Je n'ai pas eu le temps
de mentir
de laisser à présent
les souvenirs
une autre histoire se meurt
au fil du vent

Malgré la peur
comme une lame en plein cœur
le monde entier s'efface
lorsque ta main se glace

Je n'ai pas pris le temps
de m'enfuir
de laisser le présent
se languir
et notre histoire demeure
pour longtemps

Malgré la peur
comme une lame en plein cœur
le monde entier s'efface
lorsque ta main se glace

Lorsque ta main se glace





Spoiler: English



*YOUR HAND FREEZES*

I didn't have time
to lie
to leave (from) now
the memories
Another story dies
over the wind

Despite the fear
like a blade in the heart
the whole world fades away
when your hand freezes

I didn't take the time
to run away
to let the present
languish
and our story remains
for a long time

Despite the fear
like a blade in the heart
the whole world fades away
when your hand freezes

when your hand freezes



Note, google gives a slightly different translation, I think mine is better. but I might be wrong.
For the 3rd line, I'm not sure whether it's better to say "to leave now" or "to leave from now". The meaning is "starting from now" or "from now on".

I think the real meaning is "to let the memories go from now on", but I'm not sure how to "transpose" this the way the french word are placed on two different lines, it would look weird like that, right?
"To let go from now on
the memories"

So, I felt it was more "flowing" to say "to leave now the memories", but the real meaning is letting go.


----------



## D34DL1N3R (Sep 13, 2020)

@Cyan Awesome.

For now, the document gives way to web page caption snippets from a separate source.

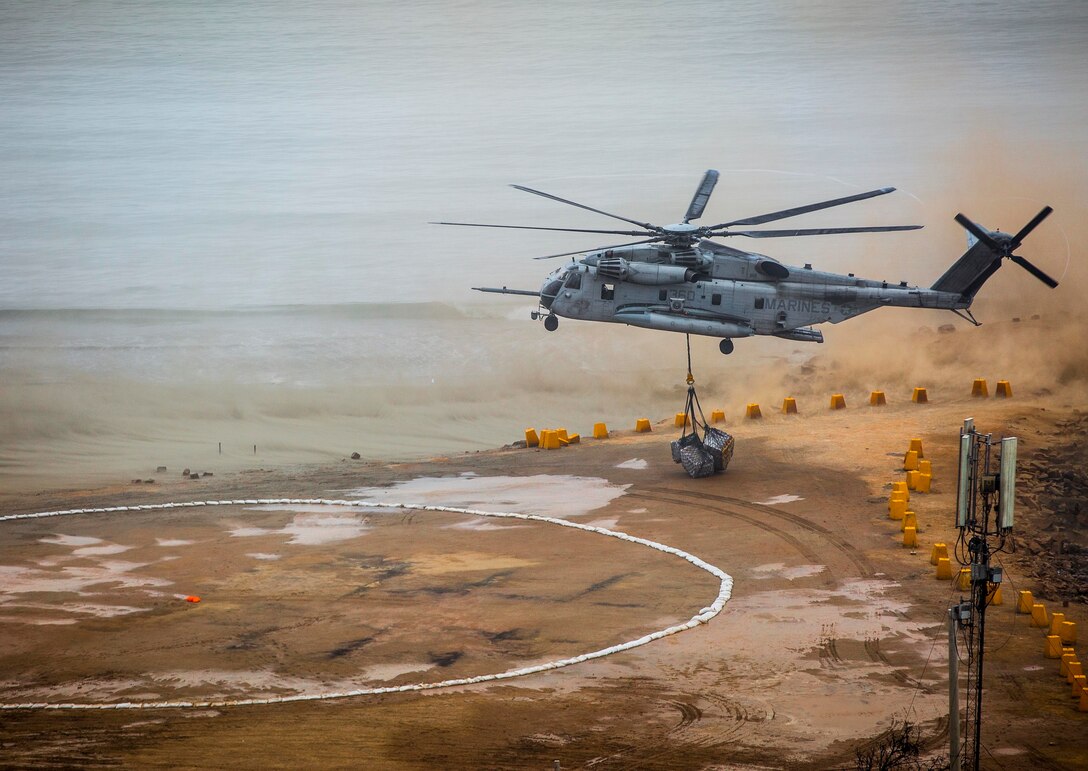 A U.S. Marine Corps CH-53E Super Stallion transports food and water during a humanitarian assistance and disaster relief demonstration between U.S. Marines with Special Purpose Marine Air-Ground Task Force - Peru and Peruvian naval forces Nov. 24, 2018, near Lima, Peru.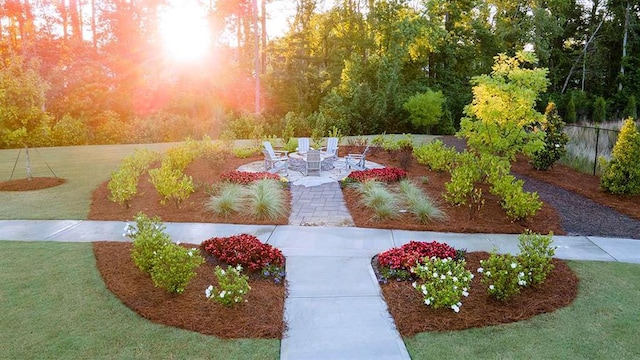 1139 Blue Juniper Cir, Loganville, GA 30052 - exterior space featuring an outdoor fire pit and a patio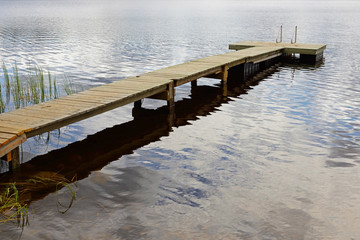 Fototapeta premium Footbridge among clouds. Reflection
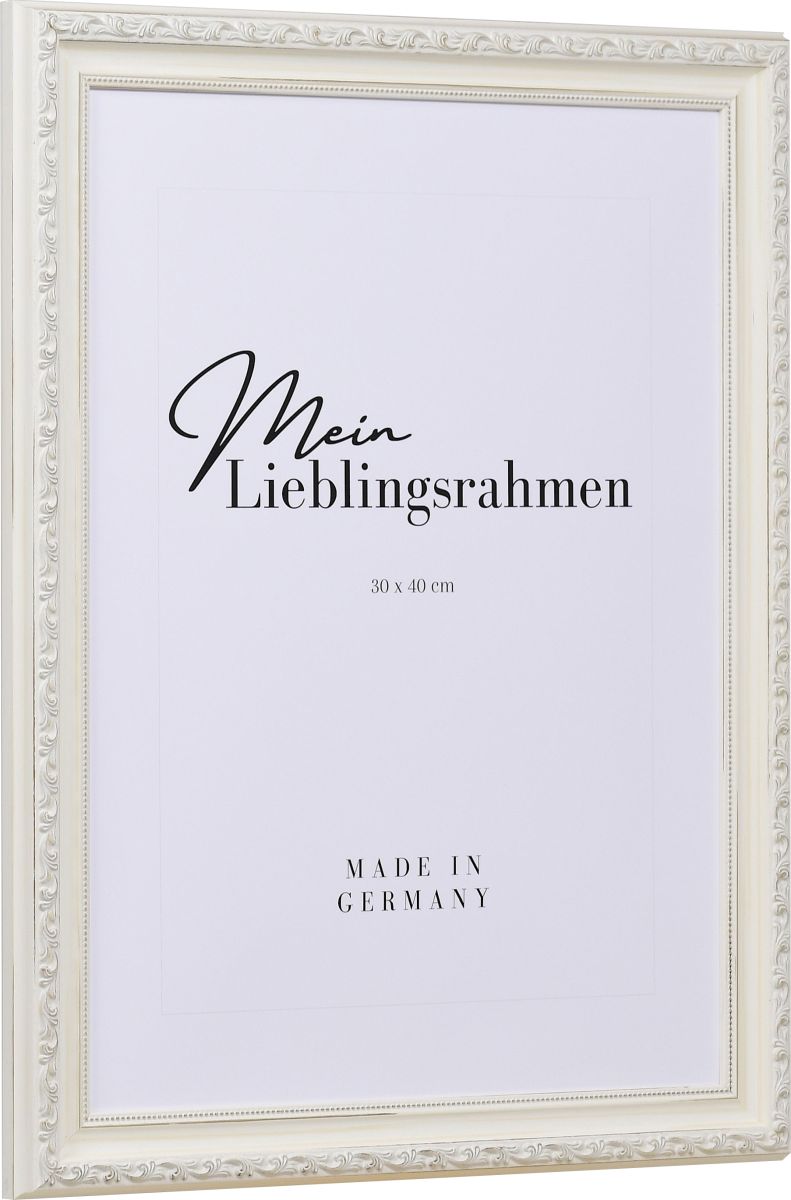 Seitenansicht eines verspielten, weissen, barocken Holzrahmens mit floralen Ornamenten und einen zarten Perlstab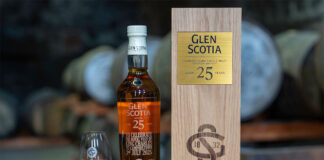 A bottle of Glen Scotia 25 Year Old stands next to its wooden box package and a nosing glass with the Glen Scotia logo on it – the bottle was gifted to King Charles III.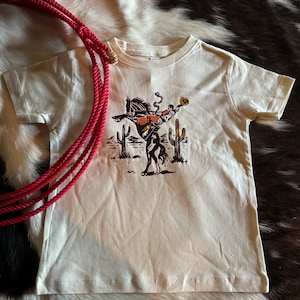 May include: A cream colored t-shirt with a graphic of a cowboy riding a bucking bronco in front of cacti.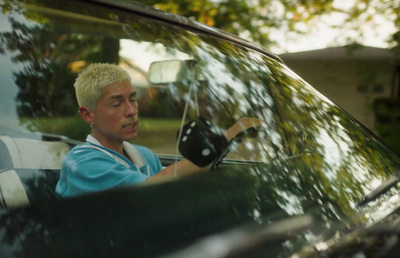 a man sitting in a car with his hand on the steering wheel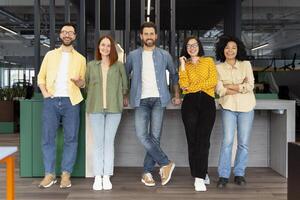 Diverse team of five creative people posing in modern office photo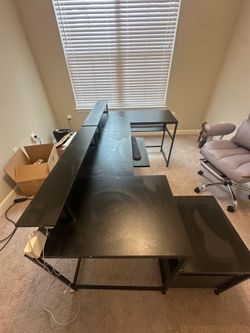 Office desk with outlets and filing cabinets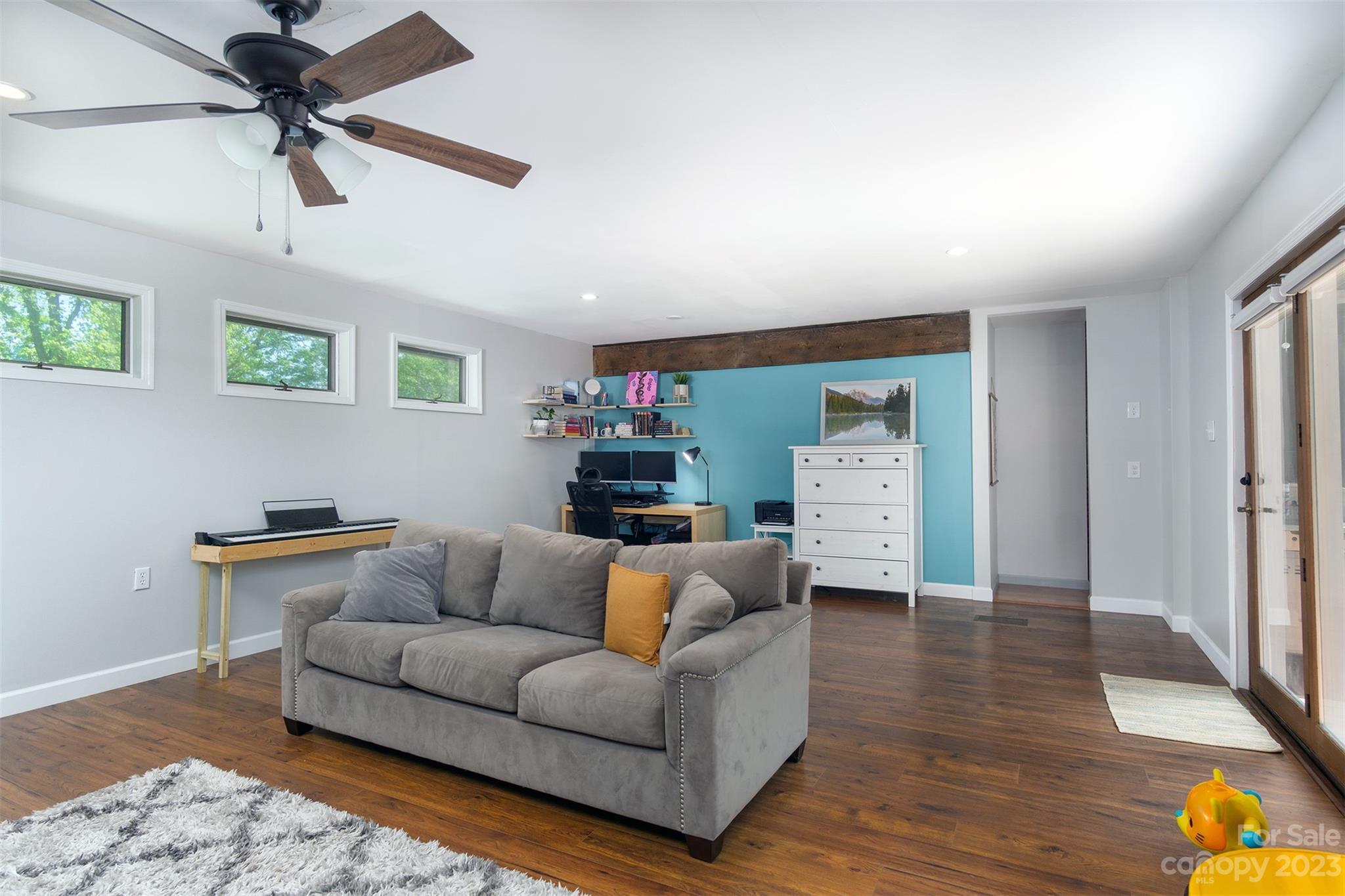 13 Woodfield Road Arden, NC 28704 - Photo 21 of 41 a living room with furniture and a wooden floor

Thank you so much!!!


----------



## DarknessPlay3r (Sep 13, 2020)

Hey Cyan, would you mind trying to translate the french parts of this one for me please?



Been listening to this song for years and still have no idea what the french parts are.


----------



## Cyan (Sep 13, 2020)

When I listened to it, I thought the words were invented, or not complete.
Then I saw the lyrics in the youtube's comment, and I was like ... not what I hear AT ALL !!
They really have a strange way to pronounce words.


The words and sentences feel like they are random and not really related with each others...



• Bonjour aux amis de malheur : hello to friends of misfortune

• nous sommes fous : we are crazy

• C'etait plus fort que moi : it was stronger than me (literrally), 
but I feel like there's another meaning, or another way to translate that. 
Something more in that form : "I couldn't stand it!" or "I couldn't prevent from doing it, I had to!" and then... he starts dancing like that:

• Pas de chas, pas de deux : 

The real word is "_pas de chat_" (cat's steps) and refers to Ballet's dances step style.
This is a pas de chat : 


Spoiler








And _pas de deux_ (Step of two) refers to how many dancers are performing a ballet together on scene.


----------



## DarknessPlay3r (Sep 13, 2020)

Cyan said:


> When I listened to it, I thought the words were invented, or not complete.
> Then I saw the lyrics in the youtube's comment, and I was like ... not what I hear AT ALL !!
> They really have a strange way to pronounce words.
> 
> ...



Thanks for that!

I don't know for sure but I think the song is from the perspective of one of the "Block Heads" going in to the machine at first being cheerful, artistic, and graceful. Only to come out the other side stamped and formed into a stereotypical corporate tool, who is now a lifeless/soul-less part of "the machine" that lost it's unique artistic talent (A Squarehead).

It's hard to say for sure but I think it was Pye Dubois' (and probably Kim Mitchel as well) way of expressing how people will give up the things that truly make them unique in fear of not fitting in with the "norm" because the norm is filled with stupidity and complacency.

I think the irony is that Kim Mitchel on his own wrote "Patio lanterns" year later and is still one of his biggest hits, while also being a song that truly represents what comes out the other side of the machine that the Block Heads come out of.

Up here in Canada due to the CRTC and the amount of "Canadian Content" radio has to play you still here Patio Lanterns often to this day. If your a fan of Max Webster (and Kim Mitchel) you shake your head and go:

"what the fuck is wrong with you people. Fucking Squareheads..."


----------



## Cyan (Sep 13, 2020)

I don't know them at all, and didn't thought it had that much meaning behind these lyrics.



DarknessPlay3r said:


> how people will give up the things that truly make them unique in fear of not fitting in with the "norm" because the norm is filled with stupidity and complacency.


so true... unfortunately.


----------